No follow-up interviews were conducted, and what appeared to be a slam-dunk case has stalled.

The MPD is in discussions with the Foreign Ministry and the National Police Agency to ask the embassy to have the man turn himself in for questioning.

Tokyo police are also considering sending the case to prosecutors, accusing the man of indecently photographing a minor’s body parts.

The embassy on May 2 told The Asahi Shimbun that the man “completed his assignment as of April 12 and has returned to Singapore.” It added that it “doesn’t know” about the bathhouse incident.

A senior police officer explained the difficulties in dealing with envoys in criminal cases.
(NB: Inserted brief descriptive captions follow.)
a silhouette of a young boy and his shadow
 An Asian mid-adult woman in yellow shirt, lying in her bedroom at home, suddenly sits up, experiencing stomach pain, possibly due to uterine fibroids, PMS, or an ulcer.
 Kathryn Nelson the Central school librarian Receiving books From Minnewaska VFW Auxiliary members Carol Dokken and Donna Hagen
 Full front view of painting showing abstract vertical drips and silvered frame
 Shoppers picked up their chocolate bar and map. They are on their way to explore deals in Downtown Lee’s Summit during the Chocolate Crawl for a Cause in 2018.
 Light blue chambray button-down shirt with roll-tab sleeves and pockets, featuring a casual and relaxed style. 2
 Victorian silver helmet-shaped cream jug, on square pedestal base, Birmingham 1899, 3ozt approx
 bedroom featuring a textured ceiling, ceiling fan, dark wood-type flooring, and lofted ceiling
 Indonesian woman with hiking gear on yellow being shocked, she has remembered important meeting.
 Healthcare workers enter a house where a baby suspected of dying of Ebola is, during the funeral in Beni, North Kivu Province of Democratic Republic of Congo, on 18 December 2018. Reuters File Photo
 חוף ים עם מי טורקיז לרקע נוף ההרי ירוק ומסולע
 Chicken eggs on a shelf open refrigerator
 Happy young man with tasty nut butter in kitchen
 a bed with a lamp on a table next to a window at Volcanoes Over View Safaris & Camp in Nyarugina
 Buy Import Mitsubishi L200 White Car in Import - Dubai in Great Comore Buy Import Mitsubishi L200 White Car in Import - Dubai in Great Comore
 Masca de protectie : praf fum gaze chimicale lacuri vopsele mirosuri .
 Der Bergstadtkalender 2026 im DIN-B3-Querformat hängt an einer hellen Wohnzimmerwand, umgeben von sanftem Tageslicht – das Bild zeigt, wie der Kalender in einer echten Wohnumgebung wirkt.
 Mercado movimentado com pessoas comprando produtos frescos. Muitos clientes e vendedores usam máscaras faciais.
“When people come forward and identify themselves as diplomats, police cannot arrest them in the end, even if they voluntarily submit to questioning. Police officers know this. Therefore, they refrain from asking them to accompany them to (a police station),” the officer said.

DIPLOMATIC IMMUNITY

Envoys are granted a number of privileges under the Vienna Convention on Diplomatic Relations, including “diplomatic immunity” from prosecution and physical restraint in criminal cases.

They are usually not charged even if they directly cause an incident or accident in the country where they are stationed.

In 2006, Tokyo police investigated an Indian Embassy official over allegations he committed an indecent act against a Japanese woman who came to the embassy to apply for a visa.

Police obtained an arrest warrant on suspicion of indecent assault, but the man had already returned to India.

In 2014, police arrested Japanese employees and others for operating and profiting from an illegal casino in a building in Tokyo’s Shibuya district.

The room where the casino was set up had been rented by the then Ghanaian ambassador to Japan.

The suspects reportedly believed that police would never bust the casino because of the ambassador’s diplomatic immunity.

In 2020, Tokyo police sent a former Russian diplomat to prosecutors on suspicion of abetting in a leak of confidential information from SoftBank Corp. in violation of the Unfair Competition Prevention Law.

Police believed the former diplomat had been engaged in espionage activities.

However, prosecutors dropped the case.

Tokyo police, through the Foreign Ministry, twice asked the former diplomat to appear in court, but the Russian did not respond and left Japan.

The Foreign Ministry in May 2021 implemented preventive measures after several complaints emerged that diplomats were illegally parking their vehicles, identified by blue license plates, and failing to pay the fines.